Pitshkofy — Privacy Policy
Last updated: 2026-05-16 · Effective immediately.
This policy explains what data the Pitshkofy Android application (package com.vagabond.pitshkofy) and the supporting backend at api.pitshkofy.com collect, why, and what your rights are. The data controller is:
Vagabond Consulting LLC
30 N Gould St Ste R
Sheridan, WY 82801, USA
privacy@pitshkofy.com
1. Data we collect
- Account data — email address, display name, password hash, optional profile photo. Created when you sign up via email or Google Sign-In.
- Device + diagnostic data — device model, Android version, locale, install ID, IP address, crash logs, performance metrics. Used to operate the app, prevent fraud and abuse, and improve stability.
- Advertising ID (Google AAID / device-or-other-IDs) — your device's Google Advertising ID is collected on every launch and shared with the third-party ad networks listed in §3 (Google AdMob, AppLovin MAX, Unity Ads, Meta Audience Network, AdGem, Pollfish) for ad serving, frequency capping, attribution, personalised advertising, and ad-fraud / invalid-traffic detection. This data collection is required for the app to function — Pitshkofy is funded by advertising and cannot operate without ad delivery. EU/UK users see Google's UMP consent screen on first launch and can opt for non-personalised ads, but the Advertising ID is still transmitted to ad networks in non-personalised mode (this is how Google's ad ecosystem operates). The Advertising ID is not processed ephemerally — it is persisted by the ad networks to provide their service.

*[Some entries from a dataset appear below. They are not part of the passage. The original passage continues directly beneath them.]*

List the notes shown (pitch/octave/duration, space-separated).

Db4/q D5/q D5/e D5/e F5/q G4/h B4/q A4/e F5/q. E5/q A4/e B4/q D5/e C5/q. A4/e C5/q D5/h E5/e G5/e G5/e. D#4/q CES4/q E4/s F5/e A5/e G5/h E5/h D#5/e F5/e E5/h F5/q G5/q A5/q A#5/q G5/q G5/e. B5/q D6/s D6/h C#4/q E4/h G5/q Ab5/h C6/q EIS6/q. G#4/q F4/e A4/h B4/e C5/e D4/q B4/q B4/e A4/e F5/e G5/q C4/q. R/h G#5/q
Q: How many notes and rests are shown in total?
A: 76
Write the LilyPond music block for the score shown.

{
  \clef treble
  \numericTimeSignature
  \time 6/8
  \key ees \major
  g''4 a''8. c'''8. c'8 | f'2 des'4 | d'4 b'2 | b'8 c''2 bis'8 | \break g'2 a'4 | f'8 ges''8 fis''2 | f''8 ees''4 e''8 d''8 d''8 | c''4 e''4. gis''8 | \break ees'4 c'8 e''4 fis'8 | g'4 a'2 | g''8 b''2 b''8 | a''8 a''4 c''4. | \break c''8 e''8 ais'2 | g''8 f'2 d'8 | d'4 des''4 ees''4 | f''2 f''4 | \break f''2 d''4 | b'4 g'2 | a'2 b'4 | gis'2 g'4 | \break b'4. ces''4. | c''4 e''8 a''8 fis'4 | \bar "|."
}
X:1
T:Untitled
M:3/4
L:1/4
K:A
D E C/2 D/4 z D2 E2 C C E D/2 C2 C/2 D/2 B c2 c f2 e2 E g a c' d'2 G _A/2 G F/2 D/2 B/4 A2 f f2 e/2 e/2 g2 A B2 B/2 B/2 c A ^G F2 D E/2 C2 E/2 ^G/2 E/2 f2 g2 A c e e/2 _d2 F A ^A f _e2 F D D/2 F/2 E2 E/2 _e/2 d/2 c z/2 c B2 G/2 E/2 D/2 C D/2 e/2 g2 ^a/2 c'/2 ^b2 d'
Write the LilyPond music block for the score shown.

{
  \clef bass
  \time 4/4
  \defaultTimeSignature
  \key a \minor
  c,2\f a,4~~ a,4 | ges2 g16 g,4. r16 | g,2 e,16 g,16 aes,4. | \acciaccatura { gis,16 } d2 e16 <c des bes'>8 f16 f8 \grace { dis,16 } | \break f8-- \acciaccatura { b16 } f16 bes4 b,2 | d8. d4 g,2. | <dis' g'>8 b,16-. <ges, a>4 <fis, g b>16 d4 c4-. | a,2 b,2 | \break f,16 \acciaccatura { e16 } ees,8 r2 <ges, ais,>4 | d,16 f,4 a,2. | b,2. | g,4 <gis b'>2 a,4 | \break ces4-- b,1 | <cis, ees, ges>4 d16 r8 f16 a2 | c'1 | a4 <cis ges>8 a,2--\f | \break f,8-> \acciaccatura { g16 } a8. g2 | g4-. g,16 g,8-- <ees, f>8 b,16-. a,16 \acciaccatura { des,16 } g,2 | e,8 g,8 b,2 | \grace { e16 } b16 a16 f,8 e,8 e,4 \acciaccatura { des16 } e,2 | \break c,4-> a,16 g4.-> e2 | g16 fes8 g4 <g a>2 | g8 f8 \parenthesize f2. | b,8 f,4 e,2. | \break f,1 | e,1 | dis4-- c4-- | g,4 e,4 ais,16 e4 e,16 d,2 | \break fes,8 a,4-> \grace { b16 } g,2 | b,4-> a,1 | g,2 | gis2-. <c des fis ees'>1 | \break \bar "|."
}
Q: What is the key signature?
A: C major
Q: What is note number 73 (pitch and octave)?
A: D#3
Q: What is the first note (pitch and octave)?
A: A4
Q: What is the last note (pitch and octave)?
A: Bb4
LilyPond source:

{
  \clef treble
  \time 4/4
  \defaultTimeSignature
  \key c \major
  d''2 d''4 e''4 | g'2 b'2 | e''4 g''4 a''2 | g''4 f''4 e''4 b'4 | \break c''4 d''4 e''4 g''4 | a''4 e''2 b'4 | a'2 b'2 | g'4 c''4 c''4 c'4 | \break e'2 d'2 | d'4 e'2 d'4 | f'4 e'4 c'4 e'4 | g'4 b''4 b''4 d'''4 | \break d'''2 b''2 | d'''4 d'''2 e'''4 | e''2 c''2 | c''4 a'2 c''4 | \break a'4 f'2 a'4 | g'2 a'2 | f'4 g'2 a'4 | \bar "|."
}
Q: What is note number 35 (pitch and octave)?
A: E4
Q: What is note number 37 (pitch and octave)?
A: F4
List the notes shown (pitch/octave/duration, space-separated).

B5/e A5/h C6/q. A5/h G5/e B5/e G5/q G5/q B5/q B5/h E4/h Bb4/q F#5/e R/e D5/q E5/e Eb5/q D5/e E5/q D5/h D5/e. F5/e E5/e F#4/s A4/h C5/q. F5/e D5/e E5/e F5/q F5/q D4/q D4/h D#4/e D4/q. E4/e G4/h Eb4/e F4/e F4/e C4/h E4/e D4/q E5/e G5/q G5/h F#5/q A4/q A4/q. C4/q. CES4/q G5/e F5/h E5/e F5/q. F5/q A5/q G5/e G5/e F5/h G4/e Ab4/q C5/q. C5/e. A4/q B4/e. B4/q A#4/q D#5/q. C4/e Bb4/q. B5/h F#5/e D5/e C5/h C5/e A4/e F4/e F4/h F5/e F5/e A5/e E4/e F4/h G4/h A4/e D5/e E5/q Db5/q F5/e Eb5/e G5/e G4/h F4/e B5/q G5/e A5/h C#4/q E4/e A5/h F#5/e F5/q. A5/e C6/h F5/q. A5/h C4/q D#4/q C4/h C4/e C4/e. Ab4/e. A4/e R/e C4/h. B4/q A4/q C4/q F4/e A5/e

- Earnings + activity data — coin balance, completed tasks, redemption requests, referral code usage. Required to operate the rewards feature.
- Payout data — your PayPal email or chosen gift-card email when you submit a redemption. Stored only as long as the payout is being processed (max 30 days after dispatch).
2. Why we process it (legal basis under GDPR Art. 6)
- Contract performance (Art. 6(1)(b)) — running your account, awarding coins, paying out redemptions.
- Legitimate interests (Art. 6(1)(f)) — fraud prevention, security, product improvement, basic analytics.
- Consent (Art. 6(1)(a)) — personalised advertising, optional newsletter. You can withdraw consent at any time inside the app under Settings → Privacy.
3. Third parties that receive data
We use the following processors. Each runs under their own privacy policy linked here. We disclose only the minimum data each service needs.
- Google AdMob — ad serving, fill, attribution. policy
- Google Firebase (Analytics, Crashlytics, Cloud Messaging, Authentication) — diagnostics, push, login. policy
- AppLovin MAX — ad mediation. policy
- Unity Ads — ad demand. policy
- Meta Audience Network — ad demand. policy
- AdGem — offerwall (CPA leads). policy
- Pollfish — survey rewards. policy
- PayPal Payouts — payout to your PayPal account. policy
- Tremendous — gift-card delivery. policy
4. EU / UK consent (UMP)
On first launch from an EU or UK device, Pitshkofy shows Google's User Messaging Platform (UMP) consent screen. We do not load any ad SDK or run analytics until you decide. Your consent record is stored locally and synced to the backend so it persists across sessions. You can revisit the consent screen anytime under Settings → Privacy → "Manage consent".
5. Retention
- Account + earnings data: until you delete your account, or after 24 months of inactivity (we'll email a warning first).
- Payout records: 7 years (German tax law, §147 AO, even though we are a US LLC we keep the same retention to be safe).
- Crash logs: 90 days.
- Ad-id / IP-bound diagnostic data: 14 months max (Google default).
6. Your rights
Under GDPR (EU/UK) and the California CCPA you can:
- Access a copy of your data — email privacy@pitshkofy.com, response within 30 days.
- Correct or update your data — directly in the app or by email.
- Delete your account — Settings → Account → "Delete my account". This wipes profile + earnings within 14 days. Payout records retained for tax purposes (see §5).
- Withdraw consent — Settings → Privacy → "Manage consent".
- Lodge a complaint with your local data protection authority.
7. Children
Pitshkofy is rated 18+ and not directed at children. The app refuses sign-ups from users under 18 (age-gate on first launch).
8. Security
Passwords are stored as bcrypt hashes (cost 10). Transport security is TLS 1.2+ via Let's Encrypt. The backend runs on our own server in Germany. We never sell or rent personal data to third parties.
9. Changes to this policy
If we materially change this policy we'll notify you in-app and via email at least 14 days before the changes take effect. The current version is always at pitshkofy.com/legal/privacy.html.